Cependant, je pense que ce tracas d'aujourd'hui n'est que la suite logique d'un mouvement de l'Histoire entamé il y a déjà quelques décennies et qui devrait (ou pas ?) nous conduire vers un changement sociétal déjà bien amorcé.
Il semblerait que nous amarrions à la fin d'une civilisation ou d'une forme de civilisation. L'histoire nous montre, à travers quelques exemples (citons ici la chute de Rome, la Révolution Française ou l'avènement du fascisme en Italie) une même logique inhérente à ces chutes d'empires. Partout, de tout temps, le cycle est le même : dénigrement de soi puis haine de soi qui conduit l'autre à me haïr puisque je suis haïssable. C'est alors le temps du manichéisme où l'idéologie supplante la raison : tout est idéologie (même un jouet devient raciste) et il n'y a plus de frontière entre l'objet social et l'objet politique. L'autre est idéalisé et pour se faire pardonner d'exister, il vient ensuite une première phase d'excuses et de réeducation. Souvent tout ça se termine dans le sang avec une Révolution ou une guerre qui vient entériner la victoire sur le mal et détruisant le passé (La Révolution ira jusqu'à renier le temps avec le calendrier Révolutionnaire remplaçant le grégorien.... Evoquons aujourd'hui notre reniement du passé et des oeuvres d'art à travers des films ou des oeuvres bannies). Et puis.... Un nouveau cycle commence au moment où la nouvelle civilisation fête son avènement et peu à peu va générer ce qu'elle a de plus beau avant de commencer à s'ennuyer d'elle-même... Puis se détester.... Et recommence ce nouveau cycle.

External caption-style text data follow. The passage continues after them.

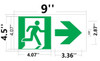 GLOW IN THE DARK HIGH INTENSITY SELF STICKING PVC GLOW IN THE DARK SAFETY GUIDANCE  - "EXIT" WITH RUNNING MAN AND RIGHT ARROW (GLOWING EGRESS DIRECTION  GREEN) BUILDING SIGN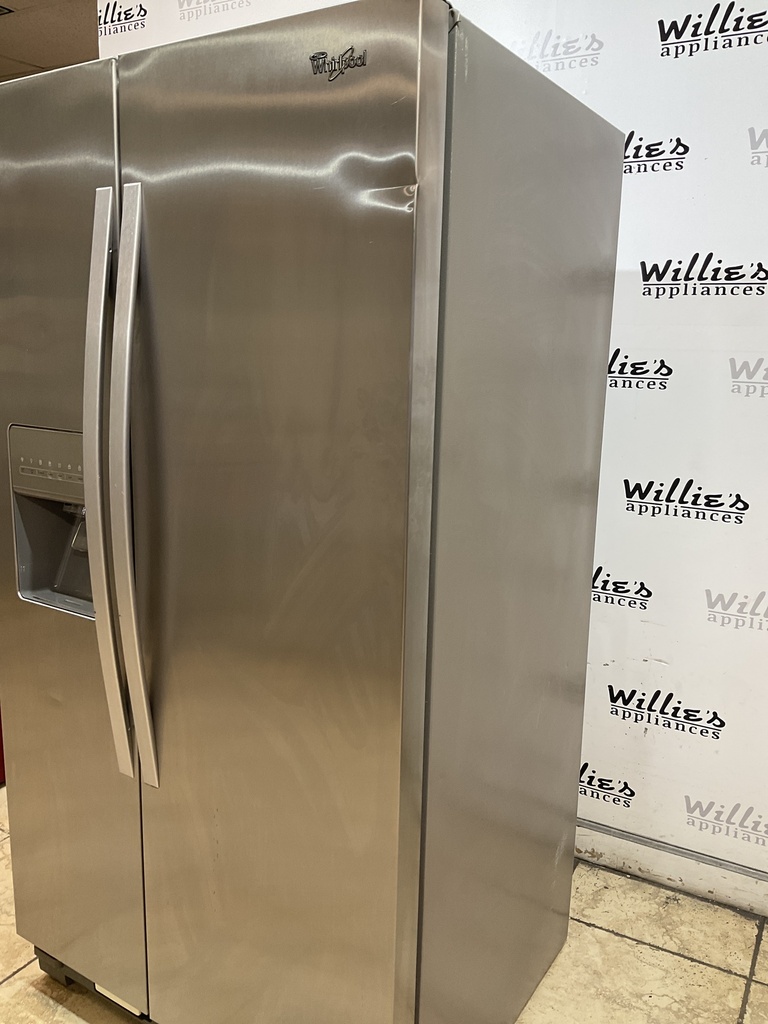 Whirlpool Used Refrigerator Side By Side 36x68 1/2” (Stainless Steel) 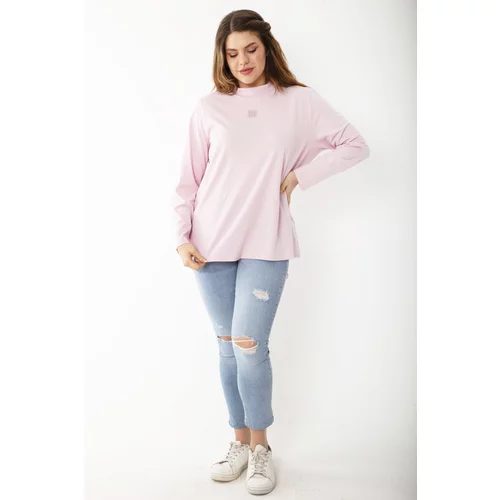 Şans Women's Plus Size Pink Cotton Fabric Crew Neck Stone Detailed Blouse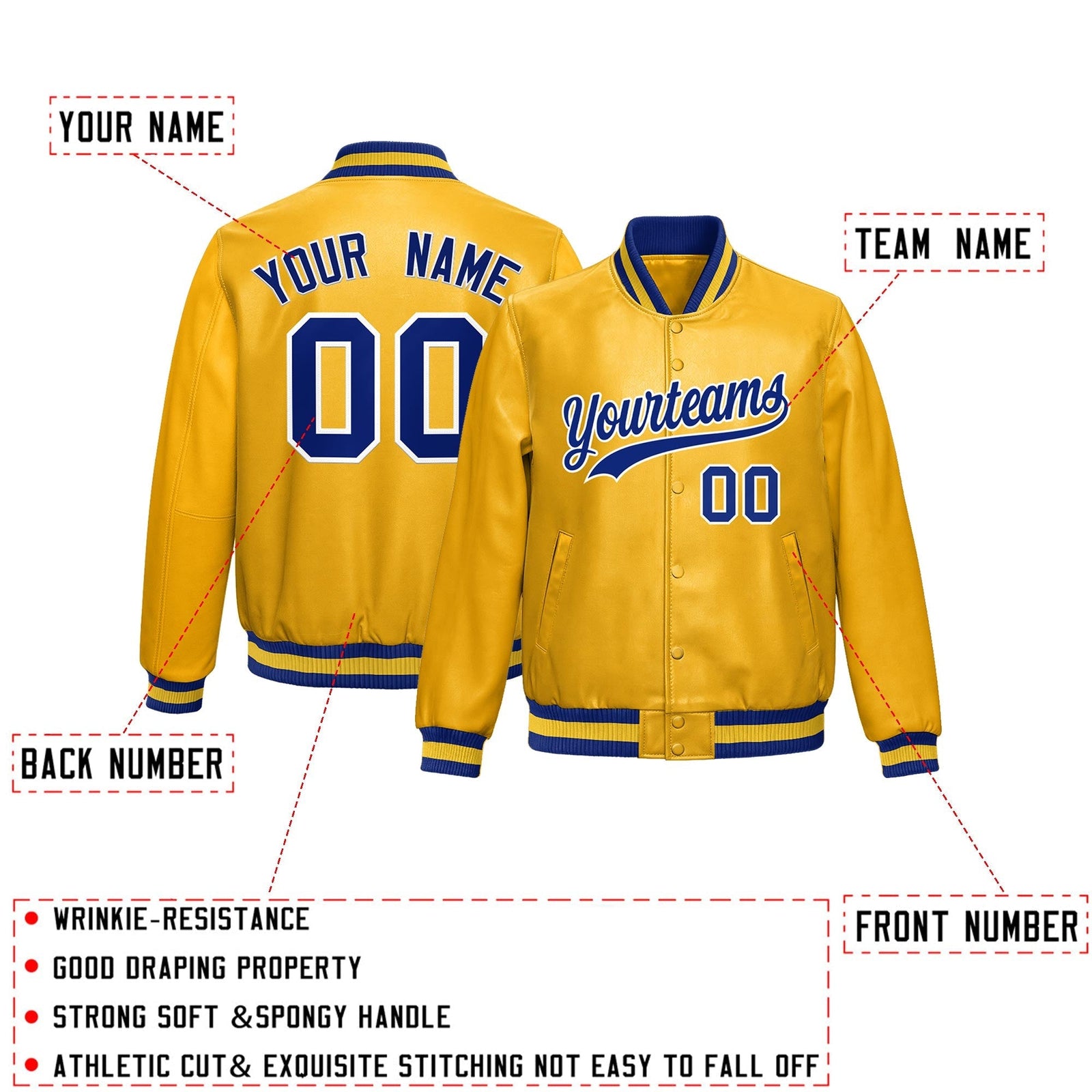 Custom Yellow Royal Blue Full-Snap Varsity Faux Leather Letterman Jacket| KXKSHOP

Concernant la phase de dénigrement, je ne peux m'empêcher de penser au sort de la noblesse française qui a commencé, gentiment, à rire d'elle-même en allant au théâtre voir Marivaux ou Beaumarchais les railler. Et plus dures étaient les pièces, plus ridicules ils étaient et plus ils payaient cher les places. Plus ils invitaient à leur salon ceux qui allaient les détruire. Critiqués comme étant source de tous les maux du peuple, l'autodérision de la noblesse céda peu à peu sa place à l'autoflagellation et à la haine de soi. La caractéristique de ces périodes étant la démission de la logique au profit de la sensibilité populaire mue par une idée simple qui doit sauver le monde : le valet (plus tard le sans culotte) est le BIEN et le noble est le MAL. (Nous retrouvons aujourd'hui la capture de la dialectique par la non pensée populaire avec les réseaux sociaux, matrice de la société du spectacle). Les nobles français finirent par attirer la haine sur eux et on connaît la suite... Car tout est trop tard. L'exemple de la noblesse française est édifiant : C'est elle qui a montré tous ses défauts, c'est elle qui a attiré la haine sur soi, c'est elle qui a baissé les armes, et enfin, c'est elle qui a commencé la Révolution, de Vizille jusqu'à la nuit du 4 août qu'elle fait quasiment seule.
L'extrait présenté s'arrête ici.